The treaty is said by critics to be an EU constitution in disguise
The treaty is said by critics to be an EU constitution in disguise

The controversial EU treaty has only been made available to MPs in French.

The treaty, said by critics to be a constitution in disguise, was tabled in Brussels last Monday, but only in one language - a contravention of EU rules stating all documents must be published in a minimum of German, French and English.

Those rules have been temporarily suspended in a frantic bid to get the treaty agreed by October.

An English version of the 227 page document will be available next month, but Parliament will be in recess. Once MPs return to the house, they will have only ten days before Gordon Brown travels to Lisbon to sign it.

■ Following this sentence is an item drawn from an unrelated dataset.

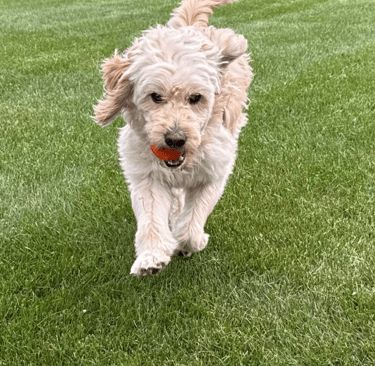 a dog is running through the grass in the yard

Under his own constitutional reforms, however, he will then have to return to parliament to convince MPs to consent to its ratification.

The controversy over the EU treaty has burned brightly since Gordon Brown refused to hold a referendum over it because the UK's "red lines" - Westminster powers Britain is unwilling to give up to Brussels - are secure.

The revelation that the document had only been published in French followed a request for a copy of the treaty in English by Conservative MP Roger Gale. That request was refused.

It comes as a Labour MP and ex-minister Gisela Stuart, who helped draw up the original constitution, berated the government for not calling a referendum on the treaty.

She told MPs: "The red lines that we now say we have secured and therefore don't need a referendum, actually those red lines were already protected in the constitutional treaty on which we were prepared to give a referendum. Nothing has changed.

"We actually should ask the people to endorse that. If we are so confident it is good, we should have the confidence to ask the people."

David Cameron has seized on the absence of a referendum as proof Gordon Brown cannot be trusted.

The extent to which EU issues still galvanise his party could clearly be seen at last Wednesday's prime minister's question time, when his decision to attack Mr Brown on the subject was met by loud cheers from Conservative back benches.

Some commentators doubt whether Mr Cameron really wants a referendum, however. A heated public debate on Europe could still open age-old rifts within his own party, which has been torn apart over the issue more than once.